The name of this village commemorates that in the ancient Shiva temple here a great king's prayer for a son was heard. The Chola emperor Raja Raja, who was the builder of the great temple of Tanjore, came here to pray to Shiva as Kumara Natha or Nilakantheshvara for a son. His prayer was answered and a son whom he named Rajendra was born.

It was this Rajendra who built a replica of his father's temple in Gangaikondacholapuram, some 30 kilometer south of Rajendrapattinam. Rajaraja Chola ruled from 985 to 1014. His son Rajendra Chola ruled between 1012 and 1044. Both were successful kings who brought peace and prosperity to their people.
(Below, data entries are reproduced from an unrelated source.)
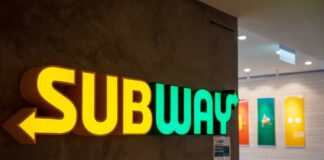 Illuminated Subway restaurant sign with green and yellow colors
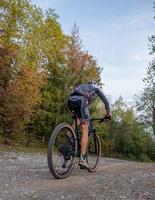 Italy 2022 Cyclist traveling along a dirt road in the mountains photo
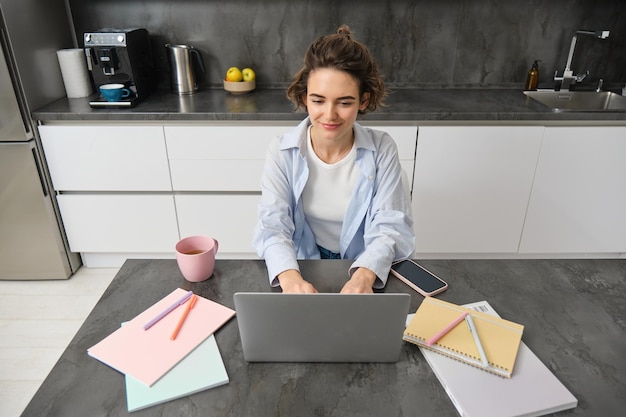 Schönes selbständiges Mädchen arbeitet von zu Hause aus, junge Frau studiert online, schaut Kurs auf der Website, schaut auf den Laptop-Bildschirm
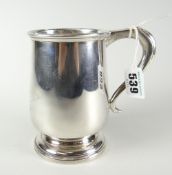 A silver footed mug of plain form with inscriptions, 9.8ozs Condition reports provided on request by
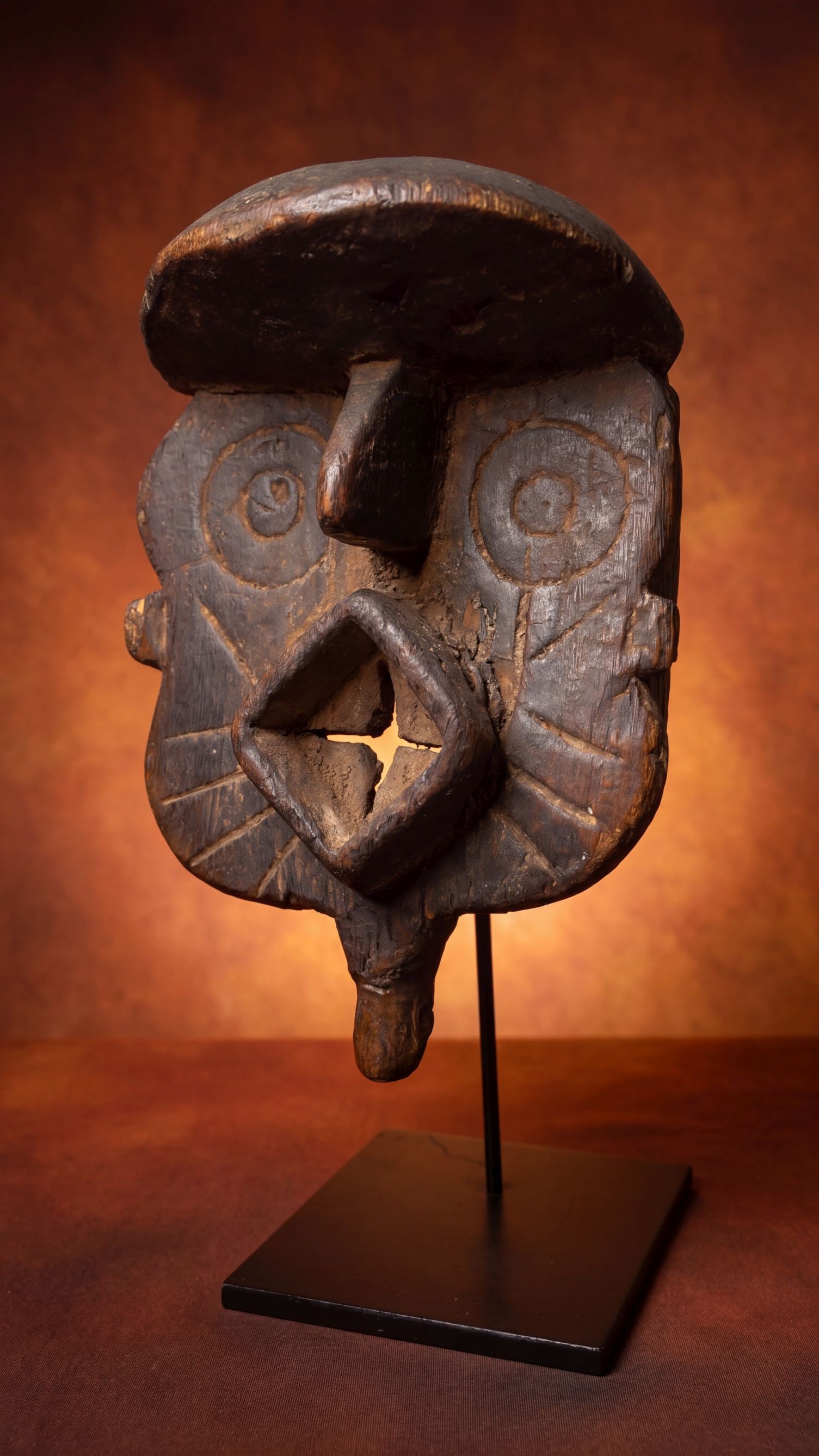 A Bwa African mask: A very well used old carved wooden ceremonial mask with highly stylized facial features, incised linear designs and a deep well handled and worn surface patina. Bwa peoples, Burkina Faso, West Africa.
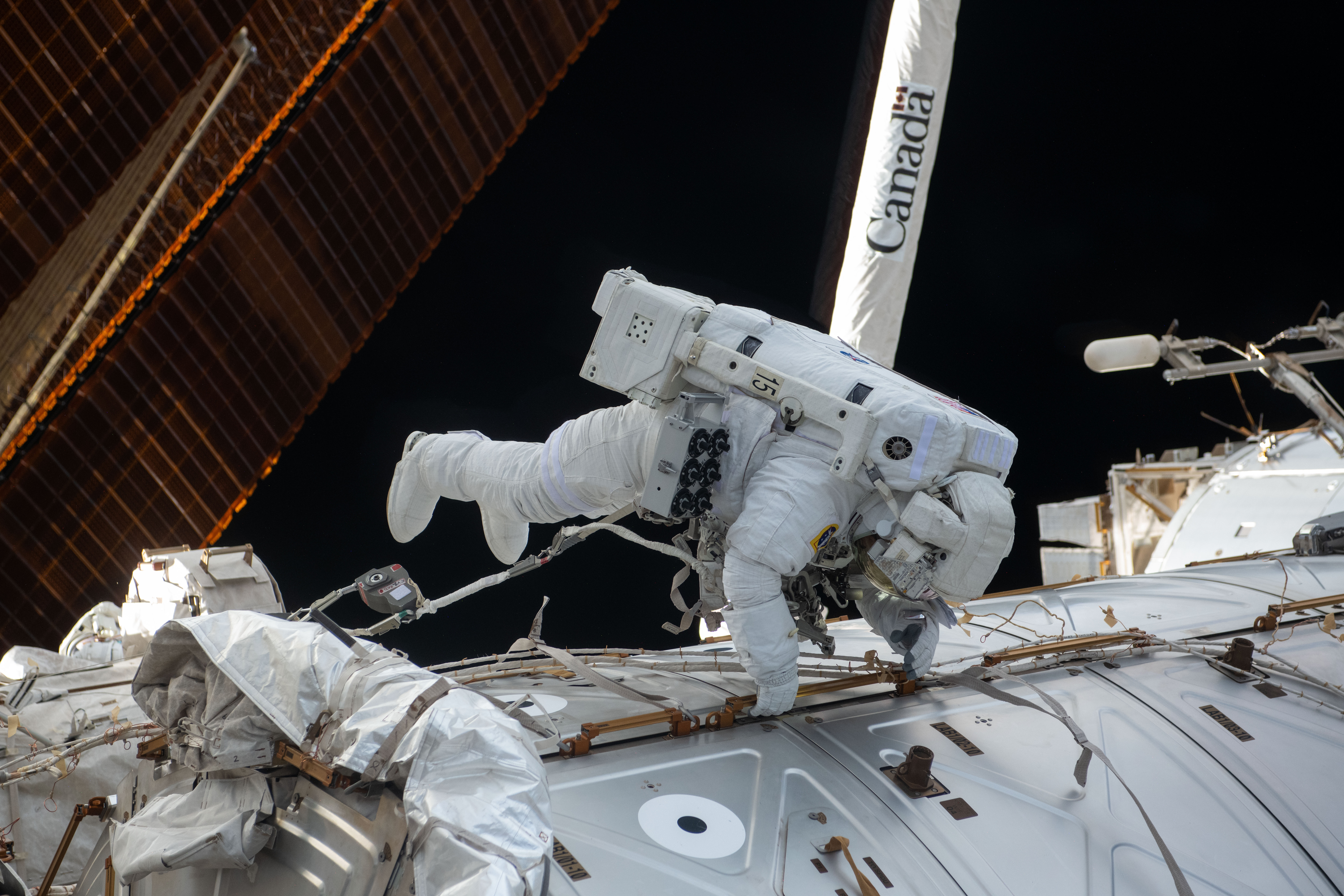 NASA astronaut Butch Wilmore works outside the International Space Station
But this temple existed long before Rajaraja was king of all of southern India. Long before his son Rajendra brought the water of the sacred river Ganga from northern India to the land of the Tamils. This is the meaning of Gangaikondacholapuram, "the city of the Chola who brought the sacred waters of Ganga". Then the place was called Thiru Erukkattam Puliyur, and it was one among five sacred places connected to the saint Vyagrapada, who is better known for his important role in the establishment of the Shiva Nataraja temple in Chidambaram, which is some 40 kilometer to the East from here. It features in the list of temples that have songs dedicated to them in the body of hymns called Thevaram, which were composed in the 6th to 7th century, and it was very ancient and sacred even then.

The sthala purana or temple myth tells of how once Parvati, the consort of Lord Shiva, did not pay proper attention when her husband was explaining the Agama or doctrine. She became distracted and Shiva became angry and cursed her. Because of the curse she was born on Earth as the daughter of a fishermen family. Her two sons, Ganesha (the god who is the destroyer of obstacles and has the face of an elephant) and Subrahmanya (the young war god who rides the peacock) thereupon threw away the Agama. His father, Shiva, cursed him to become a dumb boy. He searched for relief of the curse and finally came to Erukkattam Puliyur. Here he prayed and worshiped Siva, and performed penance. He also thrashed his vel or spear into the ground and created the sacred pond in front of the temple, now called Nilurpala thirtham. Shiva was now pleased with his penance and released him from the curse. That is why Shiva here is called Thirukumara Nathar. Thiru (Shri, the shining one), Kumara (the young boy, Subrahmaya or Murugan), Natha (Lord, who is worshipped by).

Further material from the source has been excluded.